TASK STATEMENT:
Only lines holding "including" are needed; copy each of them from the data below.

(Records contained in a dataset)
* * *
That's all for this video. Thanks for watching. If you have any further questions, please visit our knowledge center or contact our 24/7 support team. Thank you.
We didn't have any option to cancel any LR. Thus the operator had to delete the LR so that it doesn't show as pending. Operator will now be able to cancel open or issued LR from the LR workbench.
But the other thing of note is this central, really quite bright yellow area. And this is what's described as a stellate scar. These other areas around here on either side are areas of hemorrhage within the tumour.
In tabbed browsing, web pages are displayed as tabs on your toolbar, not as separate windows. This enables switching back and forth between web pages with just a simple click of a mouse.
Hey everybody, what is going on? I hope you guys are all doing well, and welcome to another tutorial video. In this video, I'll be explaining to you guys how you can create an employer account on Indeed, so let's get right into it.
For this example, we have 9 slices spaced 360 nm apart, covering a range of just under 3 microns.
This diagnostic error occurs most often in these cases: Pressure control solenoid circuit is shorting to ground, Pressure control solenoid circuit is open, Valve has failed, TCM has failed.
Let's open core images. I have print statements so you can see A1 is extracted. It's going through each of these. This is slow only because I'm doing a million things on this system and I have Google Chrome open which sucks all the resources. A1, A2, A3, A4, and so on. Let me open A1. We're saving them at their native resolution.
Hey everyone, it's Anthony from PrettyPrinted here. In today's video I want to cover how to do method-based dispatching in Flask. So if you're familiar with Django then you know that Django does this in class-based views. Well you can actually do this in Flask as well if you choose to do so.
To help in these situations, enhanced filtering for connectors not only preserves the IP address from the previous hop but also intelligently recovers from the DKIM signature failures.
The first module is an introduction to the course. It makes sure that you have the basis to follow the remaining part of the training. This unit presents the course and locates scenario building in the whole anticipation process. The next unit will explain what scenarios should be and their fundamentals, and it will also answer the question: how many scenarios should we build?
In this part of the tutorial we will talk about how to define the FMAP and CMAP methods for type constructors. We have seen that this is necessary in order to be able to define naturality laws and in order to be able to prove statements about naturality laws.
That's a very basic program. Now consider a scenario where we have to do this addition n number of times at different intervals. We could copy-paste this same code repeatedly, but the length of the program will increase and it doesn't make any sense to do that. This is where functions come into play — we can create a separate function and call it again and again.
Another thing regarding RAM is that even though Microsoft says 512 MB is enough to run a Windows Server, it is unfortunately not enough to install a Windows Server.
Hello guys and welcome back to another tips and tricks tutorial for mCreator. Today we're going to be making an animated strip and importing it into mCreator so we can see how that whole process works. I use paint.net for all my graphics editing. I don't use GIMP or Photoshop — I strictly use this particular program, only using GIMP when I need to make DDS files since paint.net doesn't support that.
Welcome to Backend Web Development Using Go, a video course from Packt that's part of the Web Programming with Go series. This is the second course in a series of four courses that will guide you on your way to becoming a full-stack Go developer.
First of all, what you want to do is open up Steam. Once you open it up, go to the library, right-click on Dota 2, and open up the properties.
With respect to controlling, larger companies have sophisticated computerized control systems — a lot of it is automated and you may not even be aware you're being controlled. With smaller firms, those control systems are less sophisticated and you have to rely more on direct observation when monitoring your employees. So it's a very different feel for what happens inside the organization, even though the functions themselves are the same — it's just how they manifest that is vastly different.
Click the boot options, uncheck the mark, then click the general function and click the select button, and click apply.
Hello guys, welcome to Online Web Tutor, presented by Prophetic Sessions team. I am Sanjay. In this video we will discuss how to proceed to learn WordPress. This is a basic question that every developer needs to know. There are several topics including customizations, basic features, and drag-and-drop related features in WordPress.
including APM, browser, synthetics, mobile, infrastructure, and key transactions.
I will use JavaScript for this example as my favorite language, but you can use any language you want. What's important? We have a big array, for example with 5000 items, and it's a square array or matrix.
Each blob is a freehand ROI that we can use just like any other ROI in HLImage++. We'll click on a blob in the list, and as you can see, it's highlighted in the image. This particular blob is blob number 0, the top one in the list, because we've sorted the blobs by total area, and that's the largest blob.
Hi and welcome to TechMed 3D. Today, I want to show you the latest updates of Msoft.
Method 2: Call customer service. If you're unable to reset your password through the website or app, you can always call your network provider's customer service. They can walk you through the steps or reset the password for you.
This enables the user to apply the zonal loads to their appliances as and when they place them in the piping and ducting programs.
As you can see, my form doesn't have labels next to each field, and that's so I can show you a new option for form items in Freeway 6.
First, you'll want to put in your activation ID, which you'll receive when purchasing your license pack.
* * *
SOLUTION FOR THIS PROBLEM:
Hello guys, welcome to Online Web Tutor, presented by Prophetic Sessions team. I am Sanjay. In this video we will discuss how to proceed to learn WordPress. This is a basic question that every developer needs to know. There are several topics including customizations, basic features, and drag-and-drop related features in WordPress.
including APM, browser, synthetics, mobile, infrastructure, and key transactions.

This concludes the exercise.